Двор и царствование Павла I. Портреты, воспоминания и анекдоты (Головкин) - страница 17

.

Александр Гаврилович никогда не возвратился в Россию. На портрете, нарисованном карандашом графом Анри Огюст де-Сэн-Жорж[61], он изображен стариком в халате, сидя в кресле, в одной из комнат Рисвикского замка. Большой парик покрывает его голову. Его лицо выражает спокойствие и веселость и на нём можно как будто прочесть: «Я здесь и не уйду отсюда». И он хорошо сделал, что остался в Голландии. Совершенные им с точки зрения русских законов проступки были исключительно тяжки. Он не только отказался вернуться на родину, когда государыня его туда звала, но под влиянием своей жены, ревностной протестантки, даже принял реформатскую веру[62].

Остаток своих дней посол и его супруга посвятили заботам о своих детях. У них было не менее двадцати пяти детей[63], из коих лишь восемь достигли зрелого возраста. Благодаря сильной протекции, обеспеченной им высоким происхождением их матери, они все получили выгодные места[64].

Глава IV

Граф Александр Александрович

«Головкин-философ». — Он оригинал, но хорошего пошиба. — Пребывание в Монна и в Лозанне. — Общество в Лозанне. — Супруга графа Александра, впоследствии герцогиня Ноайль. — Граф принимает предложение Фридриха II прусского и становится «директором спектаклей». — Фридрих II и театр. — Краткое пребывание Головкина в Берлине; он удаляется в Париж. — Его странные взгляды на воспитание. Их применение к собственным детям. — Его переписка с Павлом I, Императором Всероссийским.


Граф Александр Александрович Головкин, сын посла в Гааге, был, то что называют «оригиналом».

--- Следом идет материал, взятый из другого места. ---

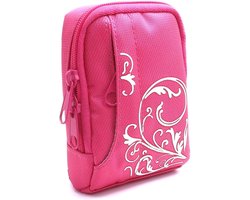 Cameratas met stijl voor compacte digitale camera's, in Pink Roze (met schouderriem - riemlus) bijvoorbeeld compatibel met Kodak Pixpro FZ53 FZ55 X55 enz.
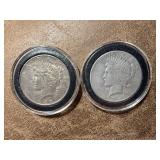 Two Silver Peace Dollars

Современники называли его «философом».

Окончив курс учения в Голландии, он ужаснулся при мысли, что хотя его учителя всегда были им довольны, но что он всё же ничего не знает. «Вот, — сказал он однажды Дьёдонне Тьебо[65] — время учиться для меня прошло, а я ничего не знаю! Виноваты ли в этом те, кто должны были меня учить? Нет, это хорошие люди, обладающие как усердием, так и знаниями. Не виноваты ли книги, которые меня заставляли изучать? Но могла ли вся Европа в течение веков ошибаться при их выборе и с всеобщего согласия вручать молодежи такие книги, которые ничему не научили бы ее? Это тоже невозможно. А потому, если я ничего не знаю, то это моя собственная вина. Стало быть, надо начать снова и сделать лучше». «Таким образом, — рассказывает Тьебо, — он без посторонней помощи вторично прошел все классы, изучая один в своей комнате по порядку и по лекциям все те книги, которые он проходил раньше, и размышляя по мере сил и возможности над мельчайшими подробностями их содержания. Эта работа отняла у него несколько лет и имела двойную пользу — приучить его к сидячей жизни и к размышлению». «Если я что-нибудь знаю, — говорил он мне потом, — то я этим обязан вторичному курсу наук, убедившему меня, по крайней мере, что мы знаем только то, чему мы сами себя учим».